_WHAT IS EXPECTED_
From the entries below, copy each line in which the word "Diamond" occurs.

_EXTRACTED INFORMATION_
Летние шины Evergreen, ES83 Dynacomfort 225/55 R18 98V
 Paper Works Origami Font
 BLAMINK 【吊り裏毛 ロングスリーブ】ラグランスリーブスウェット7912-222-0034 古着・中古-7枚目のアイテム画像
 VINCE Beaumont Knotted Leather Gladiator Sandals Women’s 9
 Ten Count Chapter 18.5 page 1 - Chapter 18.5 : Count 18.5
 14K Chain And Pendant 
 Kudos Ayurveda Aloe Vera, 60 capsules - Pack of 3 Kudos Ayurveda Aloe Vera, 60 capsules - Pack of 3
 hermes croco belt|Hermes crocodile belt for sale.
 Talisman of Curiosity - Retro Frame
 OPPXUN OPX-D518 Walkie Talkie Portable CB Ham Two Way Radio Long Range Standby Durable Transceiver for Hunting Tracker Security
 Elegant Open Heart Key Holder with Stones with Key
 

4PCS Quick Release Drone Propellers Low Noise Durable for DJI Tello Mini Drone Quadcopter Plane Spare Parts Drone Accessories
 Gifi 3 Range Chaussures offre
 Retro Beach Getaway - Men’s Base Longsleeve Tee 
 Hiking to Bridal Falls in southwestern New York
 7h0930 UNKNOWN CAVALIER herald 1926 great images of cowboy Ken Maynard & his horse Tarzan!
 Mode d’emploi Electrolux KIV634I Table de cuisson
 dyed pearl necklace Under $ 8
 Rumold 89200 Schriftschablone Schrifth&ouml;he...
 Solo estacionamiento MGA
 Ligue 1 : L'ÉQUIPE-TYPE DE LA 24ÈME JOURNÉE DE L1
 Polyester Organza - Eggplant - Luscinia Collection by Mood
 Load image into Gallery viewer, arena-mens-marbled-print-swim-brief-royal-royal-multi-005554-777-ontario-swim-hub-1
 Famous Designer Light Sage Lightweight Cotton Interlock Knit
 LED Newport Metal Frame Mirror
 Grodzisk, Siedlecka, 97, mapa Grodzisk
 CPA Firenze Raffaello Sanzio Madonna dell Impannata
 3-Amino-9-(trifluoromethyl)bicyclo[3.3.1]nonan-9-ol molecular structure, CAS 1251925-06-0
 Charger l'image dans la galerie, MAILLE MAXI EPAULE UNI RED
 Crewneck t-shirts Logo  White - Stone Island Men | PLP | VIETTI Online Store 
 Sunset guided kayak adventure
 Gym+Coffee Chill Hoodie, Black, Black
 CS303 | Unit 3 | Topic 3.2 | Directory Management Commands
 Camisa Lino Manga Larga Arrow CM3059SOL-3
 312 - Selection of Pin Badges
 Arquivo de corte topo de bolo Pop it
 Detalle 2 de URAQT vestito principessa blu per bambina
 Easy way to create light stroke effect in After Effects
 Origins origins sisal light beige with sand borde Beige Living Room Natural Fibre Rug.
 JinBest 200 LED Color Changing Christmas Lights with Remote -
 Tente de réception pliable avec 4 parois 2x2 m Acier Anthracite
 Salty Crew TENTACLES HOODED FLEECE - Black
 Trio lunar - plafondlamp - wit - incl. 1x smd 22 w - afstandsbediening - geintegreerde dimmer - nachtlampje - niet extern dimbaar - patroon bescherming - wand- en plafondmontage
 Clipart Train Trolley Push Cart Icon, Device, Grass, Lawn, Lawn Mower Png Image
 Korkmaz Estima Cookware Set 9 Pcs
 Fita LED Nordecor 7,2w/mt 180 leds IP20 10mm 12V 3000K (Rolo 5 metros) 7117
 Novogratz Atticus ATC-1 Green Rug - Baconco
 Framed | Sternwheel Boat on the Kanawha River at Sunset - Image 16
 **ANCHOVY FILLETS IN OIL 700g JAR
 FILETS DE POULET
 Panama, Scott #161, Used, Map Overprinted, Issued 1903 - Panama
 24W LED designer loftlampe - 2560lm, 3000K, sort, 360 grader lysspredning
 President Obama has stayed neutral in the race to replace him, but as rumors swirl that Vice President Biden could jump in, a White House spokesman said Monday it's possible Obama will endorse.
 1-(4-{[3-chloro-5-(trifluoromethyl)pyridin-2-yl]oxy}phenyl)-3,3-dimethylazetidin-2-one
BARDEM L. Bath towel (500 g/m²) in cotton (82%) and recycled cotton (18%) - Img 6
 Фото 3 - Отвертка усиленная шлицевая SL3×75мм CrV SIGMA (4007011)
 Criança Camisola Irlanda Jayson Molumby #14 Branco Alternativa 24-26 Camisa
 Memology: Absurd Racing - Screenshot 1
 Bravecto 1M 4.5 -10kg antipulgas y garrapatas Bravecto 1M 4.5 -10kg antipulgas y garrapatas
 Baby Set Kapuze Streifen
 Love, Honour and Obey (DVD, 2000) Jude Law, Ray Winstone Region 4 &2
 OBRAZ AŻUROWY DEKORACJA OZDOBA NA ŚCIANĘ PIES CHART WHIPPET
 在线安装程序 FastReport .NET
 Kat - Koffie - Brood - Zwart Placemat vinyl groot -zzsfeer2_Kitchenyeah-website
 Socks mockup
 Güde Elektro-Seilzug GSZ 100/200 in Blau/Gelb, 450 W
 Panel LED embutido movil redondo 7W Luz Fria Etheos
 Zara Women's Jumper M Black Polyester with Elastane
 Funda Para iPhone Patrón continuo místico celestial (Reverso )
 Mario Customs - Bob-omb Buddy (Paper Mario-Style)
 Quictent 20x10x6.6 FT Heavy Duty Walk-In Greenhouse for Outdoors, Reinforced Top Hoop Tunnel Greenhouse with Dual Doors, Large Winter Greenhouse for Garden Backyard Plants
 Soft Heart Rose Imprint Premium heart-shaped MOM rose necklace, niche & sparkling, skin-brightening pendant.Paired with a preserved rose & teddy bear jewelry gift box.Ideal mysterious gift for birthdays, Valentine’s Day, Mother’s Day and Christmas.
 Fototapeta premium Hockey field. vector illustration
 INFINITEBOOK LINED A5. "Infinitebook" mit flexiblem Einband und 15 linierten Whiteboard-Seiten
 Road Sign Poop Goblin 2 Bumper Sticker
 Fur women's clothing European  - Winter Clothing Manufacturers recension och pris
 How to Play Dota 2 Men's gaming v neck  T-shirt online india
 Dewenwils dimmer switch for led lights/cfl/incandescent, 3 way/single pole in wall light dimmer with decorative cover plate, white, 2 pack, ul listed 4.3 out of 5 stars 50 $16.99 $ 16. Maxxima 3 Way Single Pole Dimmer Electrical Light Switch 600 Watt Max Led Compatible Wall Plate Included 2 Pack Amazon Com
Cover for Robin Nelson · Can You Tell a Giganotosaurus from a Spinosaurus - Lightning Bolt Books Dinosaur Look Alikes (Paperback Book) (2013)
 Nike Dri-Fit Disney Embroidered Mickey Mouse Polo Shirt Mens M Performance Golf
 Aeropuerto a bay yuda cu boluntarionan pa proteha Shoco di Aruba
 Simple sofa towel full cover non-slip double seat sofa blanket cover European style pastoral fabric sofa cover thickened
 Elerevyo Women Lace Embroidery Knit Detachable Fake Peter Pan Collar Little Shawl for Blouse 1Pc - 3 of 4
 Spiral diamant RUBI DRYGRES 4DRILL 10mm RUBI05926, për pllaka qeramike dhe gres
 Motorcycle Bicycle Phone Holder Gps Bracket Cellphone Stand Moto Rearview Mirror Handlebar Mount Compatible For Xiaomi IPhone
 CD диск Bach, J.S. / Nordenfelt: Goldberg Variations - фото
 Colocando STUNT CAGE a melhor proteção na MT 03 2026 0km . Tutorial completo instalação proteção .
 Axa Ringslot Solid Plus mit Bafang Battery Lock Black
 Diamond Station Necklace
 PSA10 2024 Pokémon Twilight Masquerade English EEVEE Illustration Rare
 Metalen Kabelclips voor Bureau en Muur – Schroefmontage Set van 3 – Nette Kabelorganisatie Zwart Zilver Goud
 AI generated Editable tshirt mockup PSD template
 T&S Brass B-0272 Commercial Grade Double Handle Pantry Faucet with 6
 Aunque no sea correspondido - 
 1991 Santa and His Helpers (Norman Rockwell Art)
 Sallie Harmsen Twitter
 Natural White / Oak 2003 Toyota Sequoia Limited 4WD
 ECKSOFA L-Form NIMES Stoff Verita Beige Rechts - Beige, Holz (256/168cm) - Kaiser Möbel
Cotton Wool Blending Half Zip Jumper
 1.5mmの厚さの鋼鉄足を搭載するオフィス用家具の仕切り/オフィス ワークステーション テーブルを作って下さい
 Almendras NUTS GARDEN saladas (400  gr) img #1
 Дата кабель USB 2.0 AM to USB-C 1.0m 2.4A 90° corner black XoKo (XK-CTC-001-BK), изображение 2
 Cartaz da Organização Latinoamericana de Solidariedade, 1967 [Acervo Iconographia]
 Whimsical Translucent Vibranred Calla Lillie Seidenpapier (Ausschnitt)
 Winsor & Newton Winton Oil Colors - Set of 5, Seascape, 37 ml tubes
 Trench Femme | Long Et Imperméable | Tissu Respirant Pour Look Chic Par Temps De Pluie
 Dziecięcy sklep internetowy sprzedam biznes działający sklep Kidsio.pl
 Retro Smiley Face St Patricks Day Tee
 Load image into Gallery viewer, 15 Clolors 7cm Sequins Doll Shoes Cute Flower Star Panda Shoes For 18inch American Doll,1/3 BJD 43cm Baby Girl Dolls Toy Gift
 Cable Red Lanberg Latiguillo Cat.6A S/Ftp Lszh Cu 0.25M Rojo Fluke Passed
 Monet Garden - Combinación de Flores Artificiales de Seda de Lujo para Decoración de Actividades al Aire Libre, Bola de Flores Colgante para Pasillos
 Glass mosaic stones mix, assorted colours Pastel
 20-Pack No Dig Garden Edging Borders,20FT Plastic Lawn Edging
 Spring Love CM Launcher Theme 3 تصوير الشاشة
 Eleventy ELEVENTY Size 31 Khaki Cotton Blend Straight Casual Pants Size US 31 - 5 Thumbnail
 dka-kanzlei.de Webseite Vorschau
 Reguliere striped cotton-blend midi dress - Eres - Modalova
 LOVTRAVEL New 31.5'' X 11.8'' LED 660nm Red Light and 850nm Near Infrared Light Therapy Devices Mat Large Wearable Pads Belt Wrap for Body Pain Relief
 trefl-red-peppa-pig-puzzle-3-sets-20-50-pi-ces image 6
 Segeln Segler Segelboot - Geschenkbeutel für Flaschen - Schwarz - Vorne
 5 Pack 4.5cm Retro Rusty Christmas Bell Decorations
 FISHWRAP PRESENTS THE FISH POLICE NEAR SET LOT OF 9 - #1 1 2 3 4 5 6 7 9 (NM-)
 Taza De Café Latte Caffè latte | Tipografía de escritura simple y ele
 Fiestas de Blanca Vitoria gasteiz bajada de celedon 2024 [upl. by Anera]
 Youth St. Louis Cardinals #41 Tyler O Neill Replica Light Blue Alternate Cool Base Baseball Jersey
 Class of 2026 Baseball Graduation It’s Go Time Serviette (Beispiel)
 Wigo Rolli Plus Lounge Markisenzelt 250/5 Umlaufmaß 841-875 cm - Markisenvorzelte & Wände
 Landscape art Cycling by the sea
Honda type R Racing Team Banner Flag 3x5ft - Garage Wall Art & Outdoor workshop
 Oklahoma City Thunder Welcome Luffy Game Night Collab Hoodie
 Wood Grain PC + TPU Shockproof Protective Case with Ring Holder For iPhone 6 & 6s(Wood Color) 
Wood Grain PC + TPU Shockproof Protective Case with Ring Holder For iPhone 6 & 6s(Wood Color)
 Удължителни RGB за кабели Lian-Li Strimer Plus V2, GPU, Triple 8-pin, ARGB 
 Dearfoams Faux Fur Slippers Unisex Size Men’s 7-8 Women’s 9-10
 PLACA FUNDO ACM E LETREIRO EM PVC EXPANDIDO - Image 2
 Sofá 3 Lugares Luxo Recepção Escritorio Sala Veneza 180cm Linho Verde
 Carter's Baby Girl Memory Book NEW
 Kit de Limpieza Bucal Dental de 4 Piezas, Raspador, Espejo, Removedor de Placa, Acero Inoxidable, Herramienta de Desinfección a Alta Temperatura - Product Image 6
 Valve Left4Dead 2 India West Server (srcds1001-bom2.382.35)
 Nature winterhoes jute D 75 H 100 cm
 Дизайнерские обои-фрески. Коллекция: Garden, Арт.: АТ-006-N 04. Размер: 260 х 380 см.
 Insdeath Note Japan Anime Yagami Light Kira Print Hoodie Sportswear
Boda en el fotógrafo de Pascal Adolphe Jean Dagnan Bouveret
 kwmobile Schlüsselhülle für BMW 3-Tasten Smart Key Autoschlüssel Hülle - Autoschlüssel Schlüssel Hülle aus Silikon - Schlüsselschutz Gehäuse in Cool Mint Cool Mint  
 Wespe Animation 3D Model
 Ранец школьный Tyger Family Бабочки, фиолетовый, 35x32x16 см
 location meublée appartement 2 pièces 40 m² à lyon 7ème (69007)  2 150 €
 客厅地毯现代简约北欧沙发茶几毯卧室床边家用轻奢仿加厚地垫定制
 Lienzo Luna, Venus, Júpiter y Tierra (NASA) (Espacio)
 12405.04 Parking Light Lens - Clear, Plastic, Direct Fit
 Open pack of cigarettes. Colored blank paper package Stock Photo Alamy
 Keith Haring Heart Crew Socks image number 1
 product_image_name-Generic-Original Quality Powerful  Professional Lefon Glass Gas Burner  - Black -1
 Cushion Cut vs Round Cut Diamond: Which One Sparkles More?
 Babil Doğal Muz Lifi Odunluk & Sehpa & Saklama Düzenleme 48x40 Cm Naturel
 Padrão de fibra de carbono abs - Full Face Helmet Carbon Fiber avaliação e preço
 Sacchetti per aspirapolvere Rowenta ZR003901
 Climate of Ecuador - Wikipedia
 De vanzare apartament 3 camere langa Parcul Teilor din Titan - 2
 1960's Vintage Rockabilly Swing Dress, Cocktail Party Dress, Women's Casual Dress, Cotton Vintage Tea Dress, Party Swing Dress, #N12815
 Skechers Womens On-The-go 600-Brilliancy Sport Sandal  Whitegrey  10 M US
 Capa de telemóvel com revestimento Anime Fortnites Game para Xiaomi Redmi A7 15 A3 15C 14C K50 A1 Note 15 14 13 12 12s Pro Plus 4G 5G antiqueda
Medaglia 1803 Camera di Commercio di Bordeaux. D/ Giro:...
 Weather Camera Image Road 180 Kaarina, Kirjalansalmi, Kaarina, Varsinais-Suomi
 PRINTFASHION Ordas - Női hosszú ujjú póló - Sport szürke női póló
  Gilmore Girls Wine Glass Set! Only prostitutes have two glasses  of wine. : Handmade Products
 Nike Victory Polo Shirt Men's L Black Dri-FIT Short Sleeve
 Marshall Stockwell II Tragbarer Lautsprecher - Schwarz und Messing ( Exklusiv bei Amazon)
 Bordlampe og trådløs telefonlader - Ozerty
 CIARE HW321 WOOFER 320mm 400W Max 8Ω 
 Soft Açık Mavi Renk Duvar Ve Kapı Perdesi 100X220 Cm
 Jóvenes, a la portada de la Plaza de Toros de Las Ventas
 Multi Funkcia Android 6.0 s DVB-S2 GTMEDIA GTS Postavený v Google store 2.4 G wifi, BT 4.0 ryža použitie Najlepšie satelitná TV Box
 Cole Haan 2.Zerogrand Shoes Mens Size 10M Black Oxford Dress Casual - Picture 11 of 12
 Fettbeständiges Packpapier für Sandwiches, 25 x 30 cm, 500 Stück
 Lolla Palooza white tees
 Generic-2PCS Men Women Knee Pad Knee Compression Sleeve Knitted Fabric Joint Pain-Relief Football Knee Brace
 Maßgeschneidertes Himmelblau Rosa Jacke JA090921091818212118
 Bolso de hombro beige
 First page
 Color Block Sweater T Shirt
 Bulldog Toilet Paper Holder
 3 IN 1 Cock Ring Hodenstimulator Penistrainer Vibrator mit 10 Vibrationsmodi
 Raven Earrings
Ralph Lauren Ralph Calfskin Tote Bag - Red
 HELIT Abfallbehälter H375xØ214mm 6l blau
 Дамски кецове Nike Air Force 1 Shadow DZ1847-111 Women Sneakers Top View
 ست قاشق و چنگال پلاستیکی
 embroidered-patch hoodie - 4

_ANSWER TO THE EXERCISE_
 Diamond Station Necklace
 Cushion Cut vs Round Cut Diamond: Which One Sparkles More?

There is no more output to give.